# High Key for her Royal Highness!



## CCericola (Feb 1, 2011)

Some more of the new baby. She is getting better in front of the camera.


----------



## Trever1t (Feb 1, 2011)

So cute


----------



## mindfloodz (Apr 25, 2011)

Her eyes look beautiful, especially in the first picture!


----------



## Bgagnon127 (Apr 25, 2011)

She's beautiful and overall I love the photos. I do think the soft blur effect is a little too much, I'd like to see more of her sharp and in focus. Overall great photos though.


----------



## the urban photo (Jun 28, 2011)

All three are too soft and blurry for my taste. But maybe that is the effect you were going for. They seem a bit over processed.
Composition wise, I don't like that the baby is directly centered in the last shot. I would probably cut off some of the open space to the left.

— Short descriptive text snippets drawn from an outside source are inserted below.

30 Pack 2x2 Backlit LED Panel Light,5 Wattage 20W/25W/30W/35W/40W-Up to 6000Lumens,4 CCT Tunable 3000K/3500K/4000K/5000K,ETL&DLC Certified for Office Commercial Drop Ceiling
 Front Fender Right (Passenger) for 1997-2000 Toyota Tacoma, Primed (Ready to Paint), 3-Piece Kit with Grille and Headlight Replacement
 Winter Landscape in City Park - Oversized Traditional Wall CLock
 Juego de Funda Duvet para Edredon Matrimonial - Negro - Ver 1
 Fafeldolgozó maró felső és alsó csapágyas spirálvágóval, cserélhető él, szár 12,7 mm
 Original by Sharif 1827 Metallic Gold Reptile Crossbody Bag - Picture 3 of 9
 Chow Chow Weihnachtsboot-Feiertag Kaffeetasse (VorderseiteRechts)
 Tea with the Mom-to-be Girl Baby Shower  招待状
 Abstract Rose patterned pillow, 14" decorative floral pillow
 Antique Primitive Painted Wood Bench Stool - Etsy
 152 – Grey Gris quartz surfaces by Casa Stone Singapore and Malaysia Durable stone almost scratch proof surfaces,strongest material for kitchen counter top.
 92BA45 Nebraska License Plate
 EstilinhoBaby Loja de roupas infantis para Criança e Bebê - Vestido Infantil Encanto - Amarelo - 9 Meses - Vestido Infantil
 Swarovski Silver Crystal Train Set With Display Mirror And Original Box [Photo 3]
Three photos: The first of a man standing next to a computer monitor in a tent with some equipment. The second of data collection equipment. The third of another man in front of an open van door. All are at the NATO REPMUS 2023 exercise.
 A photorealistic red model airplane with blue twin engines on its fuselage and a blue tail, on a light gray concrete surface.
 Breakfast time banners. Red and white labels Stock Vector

In all three, her eyes are the strongest aspect. Cute baby!


----------



## Christie Photo (Jun 28, 2011)

All very nice.  I love soft focus, but with the eyes SO very sharp, I'm having a bit of trouble with it.  Did you try any with the eyes just a bit softer.

Very nice.

And you model is a real cutie!

-Pete


----------



## Rkee (Jun 29, 2011)

Pretty , But I like the soft effect But I uses a mask and brings back the sharpness in the eyes and face . I love the first one if the eyes and face details were sharper


----------



## CourtneyRPhotography (Jul 1, 2011)

they are nice, but the softness and brightness hurts my eyes or it could just be me..


----------



## edouble (Jul 1, 2011)

I as well, loke the soft focus and sharp eyes, nice contrast.


----------



## o hey tyler (Jul 1, 2011)

I like the photos, but am not a fan of the soft focus. I feel like I've had too many drinks when I look at them.


----------



## CCericola (Jul 1, 2011)

Thanks for the input. I wasn't actually looking for C&C but thanks for taking the time. To The Urban Photo who dug up this older post; The difference between my centered photo and yours is that mine is an example of implied symmetry broken by the position of her right arm creating classic tension.  Your photo of toes is just centered without symmetry, real or implied that is why it is a weak composition. For those that would like to compare, here is the thread that prompted The Urban Photo to comment on this thread: http://www.thephotoforum.com/forum/...54-newborn-shoot-baby-jaydin.html#post2279760


----------



## the urban photo (Jul 1, 2011)

CCericola said:


> Thanks for the input. I wasn't actually looking for C&C but thanks for taking the time. To The Urban Photo who dug up this older post; The difference between my centered photo and yours is that mine is an example of implied symmetry broken by the position of her right arm creating classic tension.  Your photo of toes is just centered without symmetry, real or implied that is why it is a weak composition. For those that would like to compare, here is the thread that prompted The Urban Photo to comment on this thread: http://www.thephotoforum.com/forum/...54-newborn-shoot-baby-jaydin.html#post2279760



CCericola, I actually didn't dig up this thread to be rude, as it seems you've implied. I searched "newborn" to find information in threads started by other users and yours popped up. To be quite honest, I didn't even notice that you were the same user who posted on mine. I'm sorry if you saw it as some sort of retaliation, but really I just thought I'd give my honest two cents. I'm sorry if that's not what you were looking for.


----------



## CCericola (Jul 1, 2011)

No, I'm sorry. I did think you were singling me out and I responded like a child. There are no excuses and I'm sorry.


----------